‘Can I avoid inheritance tax if my son buys my house, and I pay him back?’

inheritance tax
inheritance tax

Dear Gary,

I understand that you cannot gift a house to someone to remove it from your estate if you continue to live in it, unless you pay a commercial rent.

I propose to sell my house, worth around £500,000 to my son who lives in Melbourne, Australia, where there is no inheritance tax.

He would take out a bridging loan to fund a legal purchase, and I would then send the proceeds back to him, and hope to live another seven years.

I realise there would be charges and currency losses, but they would not be anywhere near the £200,000 inheritance tax charges.

I would be liable for inheritance tax on the remainder of my estate, with a value of around £600,000.

Would my plan work?

Robin

Dear Robin,

I wish mitigating inheritance tax (IHT) was as simple as this. However, it is not and, in short, your plan would be a financial disaster.

The legal analysis of what you are proposing to do is gift your house to your son. Yes, I understand that you are creating a fiction that he is buying it from you, but that is not what is really going to happen, because by your own admission you intend to give the sum paid back to him.

HM Revenue and Customs will see right through this, and will consider the “sale” to be a sham for IHT purposes.
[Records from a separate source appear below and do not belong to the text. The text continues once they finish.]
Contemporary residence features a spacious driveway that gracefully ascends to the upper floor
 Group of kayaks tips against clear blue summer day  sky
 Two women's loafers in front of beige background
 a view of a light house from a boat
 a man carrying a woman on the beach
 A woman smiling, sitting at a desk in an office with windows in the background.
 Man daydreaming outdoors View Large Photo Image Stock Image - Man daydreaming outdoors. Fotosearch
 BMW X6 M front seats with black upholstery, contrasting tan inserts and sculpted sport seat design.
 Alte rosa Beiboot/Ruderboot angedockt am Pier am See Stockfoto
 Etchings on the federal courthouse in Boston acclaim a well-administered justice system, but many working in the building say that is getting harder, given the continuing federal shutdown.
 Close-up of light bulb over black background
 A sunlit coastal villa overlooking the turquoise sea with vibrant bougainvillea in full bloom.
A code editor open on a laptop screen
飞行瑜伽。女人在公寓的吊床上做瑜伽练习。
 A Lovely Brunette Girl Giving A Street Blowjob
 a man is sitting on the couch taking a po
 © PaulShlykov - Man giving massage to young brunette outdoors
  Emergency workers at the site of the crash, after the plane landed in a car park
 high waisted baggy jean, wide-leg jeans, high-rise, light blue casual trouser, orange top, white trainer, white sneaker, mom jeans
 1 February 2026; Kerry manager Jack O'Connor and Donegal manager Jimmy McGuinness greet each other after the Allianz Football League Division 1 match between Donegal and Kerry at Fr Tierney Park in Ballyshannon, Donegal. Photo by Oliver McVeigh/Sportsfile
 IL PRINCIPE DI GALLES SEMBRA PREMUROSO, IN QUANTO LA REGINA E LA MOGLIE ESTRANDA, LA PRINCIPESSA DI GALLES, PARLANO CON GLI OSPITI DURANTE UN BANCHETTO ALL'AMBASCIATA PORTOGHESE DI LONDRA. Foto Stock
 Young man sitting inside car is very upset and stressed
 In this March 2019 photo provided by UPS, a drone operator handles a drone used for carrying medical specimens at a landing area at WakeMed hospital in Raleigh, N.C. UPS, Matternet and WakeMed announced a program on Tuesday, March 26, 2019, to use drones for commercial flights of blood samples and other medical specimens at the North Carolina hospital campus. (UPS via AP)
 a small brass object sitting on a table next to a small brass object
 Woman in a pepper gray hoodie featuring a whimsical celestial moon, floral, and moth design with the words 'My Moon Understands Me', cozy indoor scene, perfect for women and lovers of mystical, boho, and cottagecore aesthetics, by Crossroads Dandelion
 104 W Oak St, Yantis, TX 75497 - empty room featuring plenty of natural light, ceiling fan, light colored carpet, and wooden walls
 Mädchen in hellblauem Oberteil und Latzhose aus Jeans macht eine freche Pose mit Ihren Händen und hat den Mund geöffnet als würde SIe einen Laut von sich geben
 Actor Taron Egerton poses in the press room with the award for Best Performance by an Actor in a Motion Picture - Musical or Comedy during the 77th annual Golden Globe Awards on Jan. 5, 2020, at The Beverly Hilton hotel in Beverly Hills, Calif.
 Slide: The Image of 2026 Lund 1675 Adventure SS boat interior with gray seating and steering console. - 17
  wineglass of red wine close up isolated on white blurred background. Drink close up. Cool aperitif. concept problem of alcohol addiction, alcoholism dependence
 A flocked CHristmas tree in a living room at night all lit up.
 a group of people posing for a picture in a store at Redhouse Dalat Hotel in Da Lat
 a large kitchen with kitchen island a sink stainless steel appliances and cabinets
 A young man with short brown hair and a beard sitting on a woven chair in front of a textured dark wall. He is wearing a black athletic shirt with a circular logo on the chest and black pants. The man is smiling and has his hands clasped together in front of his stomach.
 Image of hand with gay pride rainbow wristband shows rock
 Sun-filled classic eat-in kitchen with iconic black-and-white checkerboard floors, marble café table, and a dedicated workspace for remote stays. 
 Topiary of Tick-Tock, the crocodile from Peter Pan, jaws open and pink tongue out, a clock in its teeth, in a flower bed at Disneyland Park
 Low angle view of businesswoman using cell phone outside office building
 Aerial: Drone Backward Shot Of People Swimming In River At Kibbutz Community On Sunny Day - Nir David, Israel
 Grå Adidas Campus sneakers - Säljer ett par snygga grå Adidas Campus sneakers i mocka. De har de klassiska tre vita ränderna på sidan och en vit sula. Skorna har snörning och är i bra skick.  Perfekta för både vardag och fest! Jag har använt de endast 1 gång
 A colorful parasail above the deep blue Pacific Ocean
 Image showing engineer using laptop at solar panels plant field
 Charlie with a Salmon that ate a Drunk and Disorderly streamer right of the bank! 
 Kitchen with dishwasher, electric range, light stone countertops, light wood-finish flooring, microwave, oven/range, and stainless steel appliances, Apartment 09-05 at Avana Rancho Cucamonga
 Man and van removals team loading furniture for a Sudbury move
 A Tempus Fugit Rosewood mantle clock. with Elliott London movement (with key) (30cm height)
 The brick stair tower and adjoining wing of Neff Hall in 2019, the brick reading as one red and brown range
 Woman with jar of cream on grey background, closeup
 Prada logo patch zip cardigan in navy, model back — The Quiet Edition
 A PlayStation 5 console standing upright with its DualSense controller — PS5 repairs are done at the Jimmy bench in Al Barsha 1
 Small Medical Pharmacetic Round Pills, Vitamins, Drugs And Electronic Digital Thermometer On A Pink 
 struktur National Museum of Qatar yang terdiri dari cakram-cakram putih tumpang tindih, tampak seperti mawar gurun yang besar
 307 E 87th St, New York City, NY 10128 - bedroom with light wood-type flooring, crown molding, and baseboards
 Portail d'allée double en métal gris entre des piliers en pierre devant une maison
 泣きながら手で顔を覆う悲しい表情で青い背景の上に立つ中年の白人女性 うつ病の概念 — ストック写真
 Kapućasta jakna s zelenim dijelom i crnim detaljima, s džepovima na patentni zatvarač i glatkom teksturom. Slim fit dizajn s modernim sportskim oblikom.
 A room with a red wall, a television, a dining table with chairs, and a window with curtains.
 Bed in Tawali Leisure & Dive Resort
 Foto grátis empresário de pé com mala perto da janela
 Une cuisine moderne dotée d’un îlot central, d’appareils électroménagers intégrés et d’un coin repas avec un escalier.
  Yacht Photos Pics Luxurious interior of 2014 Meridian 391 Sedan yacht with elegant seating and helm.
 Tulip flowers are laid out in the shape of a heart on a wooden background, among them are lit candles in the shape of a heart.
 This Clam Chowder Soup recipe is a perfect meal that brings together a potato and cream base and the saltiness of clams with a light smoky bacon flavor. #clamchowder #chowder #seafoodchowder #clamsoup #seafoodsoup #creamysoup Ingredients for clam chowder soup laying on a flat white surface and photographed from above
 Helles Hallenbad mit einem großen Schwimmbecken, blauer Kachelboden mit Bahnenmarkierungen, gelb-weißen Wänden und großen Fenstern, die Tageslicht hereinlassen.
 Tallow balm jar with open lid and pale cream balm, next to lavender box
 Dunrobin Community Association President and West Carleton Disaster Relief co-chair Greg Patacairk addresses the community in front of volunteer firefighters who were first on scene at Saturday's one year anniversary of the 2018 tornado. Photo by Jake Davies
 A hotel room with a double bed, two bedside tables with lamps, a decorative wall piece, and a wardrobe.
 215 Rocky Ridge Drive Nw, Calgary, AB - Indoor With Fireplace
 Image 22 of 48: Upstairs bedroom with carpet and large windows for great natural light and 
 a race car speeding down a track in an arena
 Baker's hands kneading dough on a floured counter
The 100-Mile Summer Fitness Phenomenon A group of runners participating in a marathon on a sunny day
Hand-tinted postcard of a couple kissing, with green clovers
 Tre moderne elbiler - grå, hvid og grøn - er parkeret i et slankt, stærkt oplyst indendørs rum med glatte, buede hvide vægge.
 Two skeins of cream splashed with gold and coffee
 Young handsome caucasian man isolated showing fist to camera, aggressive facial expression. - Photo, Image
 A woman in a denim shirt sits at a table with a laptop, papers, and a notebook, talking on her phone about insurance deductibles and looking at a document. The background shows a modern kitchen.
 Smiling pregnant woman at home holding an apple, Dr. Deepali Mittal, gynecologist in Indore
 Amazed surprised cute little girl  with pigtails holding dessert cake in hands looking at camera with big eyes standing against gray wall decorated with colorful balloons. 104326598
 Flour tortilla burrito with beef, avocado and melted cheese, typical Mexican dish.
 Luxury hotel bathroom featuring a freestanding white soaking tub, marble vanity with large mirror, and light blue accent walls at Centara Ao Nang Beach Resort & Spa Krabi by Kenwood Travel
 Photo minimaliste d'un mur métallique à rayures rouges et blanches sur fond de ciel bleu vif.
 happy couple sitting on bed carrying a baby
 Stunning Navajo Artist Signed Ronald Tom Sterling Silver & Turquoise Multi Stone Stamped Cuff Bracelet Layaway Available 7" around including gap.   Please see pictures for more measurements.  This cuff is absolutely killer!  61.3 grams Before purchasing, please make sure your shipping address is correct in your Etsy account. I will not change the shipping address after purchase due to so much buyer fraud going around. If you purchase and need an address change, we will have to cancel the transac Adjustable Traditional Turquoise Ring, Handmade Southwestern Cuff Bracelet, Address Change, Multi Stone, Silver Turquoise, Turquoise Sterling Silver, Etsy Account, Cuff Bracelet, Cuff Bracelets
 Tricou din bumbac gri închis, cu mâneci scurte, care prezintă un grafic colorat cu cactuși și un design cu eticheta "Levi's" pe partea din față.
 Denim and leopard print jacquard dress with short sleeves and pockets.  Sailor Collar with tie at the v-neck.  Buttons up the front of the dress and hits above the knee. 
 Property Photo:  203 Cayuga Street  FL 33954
The relevant provisions are the gift with a reservation of benefit (GWR) rules. On that basis, in the event of your death, the house will still form part of your estate.

Before the inheritance tax legislation was introduced in the 1980s by then-chancellor Nigel Lawson, the previous capital transfer tax regime contained no GWR rules. This lacuna in the rules meant a donor could, for example, give away a house but still live in it.

However, since March 18 1986, the GWR rules have been in force. In short, if you give an asset away, but still benefit from it, it will still be taxed as part of your estate for IHT.

The Finance Act 2004 introduced an income tax charge on benefits received by the former owners of property, referred to as the pre-owned assets tax (POAT). As you say, a way around the POAT is to pay a commercial rent for continuing to live in the house you have gifted.

I have no doubt your proposed scheme would fall foul of the legislation and would be classed as a GWR.

You have identified the cost of a bridging loan to fund the purchase and potential problematic currency exchange issues. What is worse is that if your son bought your house, he would also have to pay stamp duty for the privilege.

Non-UK residents who purchase residential property in England and Northern Ireland incur a 2pc stamp duty surcharge (the “NR Surcharge”). The NR Surcharge applies to the whole of the purchase price by adding the additional 2pc to each of the existing residential stamp duty rates. There is a lower rate if you are replacing your main residence and a higher one for other purchases.

Scotland and Wales have their own taxes that apply instead of stamp duty on acquisition of property.

An individual is considered a “non-UK resident” for stamp duty purposes if they spend fewer than 183 days in the UK in any continuous period of 365 days, beginning 364 days before and ending 365 days after the transaction occurs. Individuals are considered to have spent a day in the UK if they are in the country at midnight.

Your son living in Australia is a complete red herring so far as your own estate is concerned for IHT purposes. On your death it is your estate that will be taxed according to the British IHT regime before your estate is passed on to your beneficiaries.

Thinking ahead, if your son does inherit your estate in the UK at some point in the future, the complicated concepts of “residence” and “domicile” for IHT purposes may still mean his estate when he dies will have to pay IHT on any UK-based assets he still owns at that point. This is because HMRC will seek payment of IHT from anyone domiciled in the UK.

It is complicated, but in very broad terms, if you are born in the UK of British parents, being resident outside the UK does not always mean a person loses their UK domicile of origin. Often, to lose a domicile of origin a person must sever all ties with their original country and, for instance, no longer own assets in that country.

So even though your son is based in Australia, with you being over here, the UK regime of IHT will apply to your estate and may still apply to his. This is a simplification of the situation, but it does point to your son taking specialist legal advice when he inherits from you.

From what you say, your estate is worth circa £500,000 (house), plus £600,000 (investments), coming to £1.1m. If you are a widower, you should have your own nil-rate band (£325,000), and your late wife’s (£325,000), plus your own residence nil-rate band (£175,000) and your late wife’s (£175,000) making £1m of allowances.

So, if you are likely to live another seven years, the optimal way forward is to look at gifting at least £100,000 of your investments (if not more) to your son. If you live for seven years that will work as a valid gift, as per the legislation.

‘Ask A Lawyer’ should not be taken as formal legal advice, but rather as a starting point for readers to undertake their own further research.